Pakistan has dispatched some of its top finance officials to Washington, London and other friendly countries seeking a lifeline of over $10 billion in emergency aid.

The delegation, led by Shaukat Tareen, finance advisor to Pakistan prime minister and central bank governor Shamshad Akhtar will seek a lifeline backed by the US and the UK to tide over the current crisis.

Pakistan has also approached oil-rich Gulf states for matching western aid to ensure that the country averts a balance of payment crisis.

Tareen has been specially assigned the job of coordinating a bailout after the country's foreign exchange reserves halved since the elections held in March this year and the formation of a coalition government led by the Pakistan People's Party.

High oil prices have complicated matters for Pakistan, whose economy has already been shattered by mismanagement and endemic corruption.

Pakistan also saw large-scale capital flight with the elite middle class and political heavy weights shifting funds to foreign countries amidst domestic uncertainties.

Pakistan's president Asif Ali Zardari was expecting to raise funds at a summit in the United Arab Emirates next month but the problem at home has worsened that there is no time now to wait.

Some Gulf countries, including Saudi Arabia, had signalled their willingness to divert part of their sovereign wealth funds to help Pakistan. But that was against owing huge tracts of Sindh and Punjab provinces in order to ensure food security for the Gulf emirates

The Gulf countries had also sought blanket exemptions on exports from its farms to the Gulf in return.

While the Musharraf government could manage a doubling of Pakistan's gross domestic product, with a six per cent growth rate and relative stability for around six years, much of the investment had gone to real estate and the stock market.

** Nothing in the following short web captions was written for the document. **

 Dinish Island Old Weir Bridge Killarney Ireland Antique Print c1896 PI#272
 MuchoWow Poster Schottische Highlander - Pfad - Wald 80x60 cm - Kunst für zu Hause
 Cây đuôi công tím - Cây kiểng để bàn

Now that the stock and realty boom has ended, Karachi, the country's economic capital, has borne the brunt of the collapse.

Meanwhile, minister for industries Ashwani Kumar said India too is increasingly being absorbed into the vortex of the global financal crisis even as the government and the Reserve Bank are doing their best to safeguard the interests of the people and steer it out of its adverse effects.

With the US accounting for 75 per cent of the country's exports, he said the country is going through a really rough patch and might take some time to return to normalcy.